Settlement
Settlement is the process by which a captured payment moves from pending to available funds in your account, ready to be paid out.
Settlement is the process by which the money from a captured card payment actually moves into your account balance. A payment doesn't become spendable the instant a customer's card is approved — it first sits in a pending state, then settles into available funds a few business days later.
How settlement works
When a customer pays, the charge is authorized and captured, but the funds are not yet in your usable balance. They land in your pending balance first. After a delay — expressed as "T+X" business days, where "T" is the transaction time — the funds settle and move to your available balance, where they can fund a payout, a refund, or a transfer.
Settlement timing varies by country, card type, and account. A common US default is roughly T+2 business days, but it can be longer for newer or higher-risk accounts.
Settlement vs. payout schedule
These are two different clocks and people often confuse them:
- Settlement timing controls how long it takes pending funds to become available.
- Payout schedule controls when available funds are sent to your bank.
Changing your payout schedule (daily, weekly, monthly) does not speed up settlement.
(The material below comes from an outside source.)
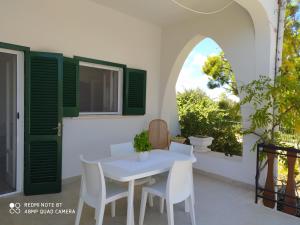 ein Esszimmer mit einem weißen Tisch und Stühlen sowie einem Fenster in der Unterkunft La prima casa in Polignano a Mare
If your account settles in two business days and you're on daily payouts, Stripe pays out funds from transactions captured two business days earlier.
Why it matters
Settlement is the gap between "the customer paid" and "the cash is usable." Understanding it prevents cash-flow surprises — the revenue you see today is not the same as the money you can withdraw today. Each settled transaction is recorded as a balance transaction, which is where fees are deducted and your net volume is calculated.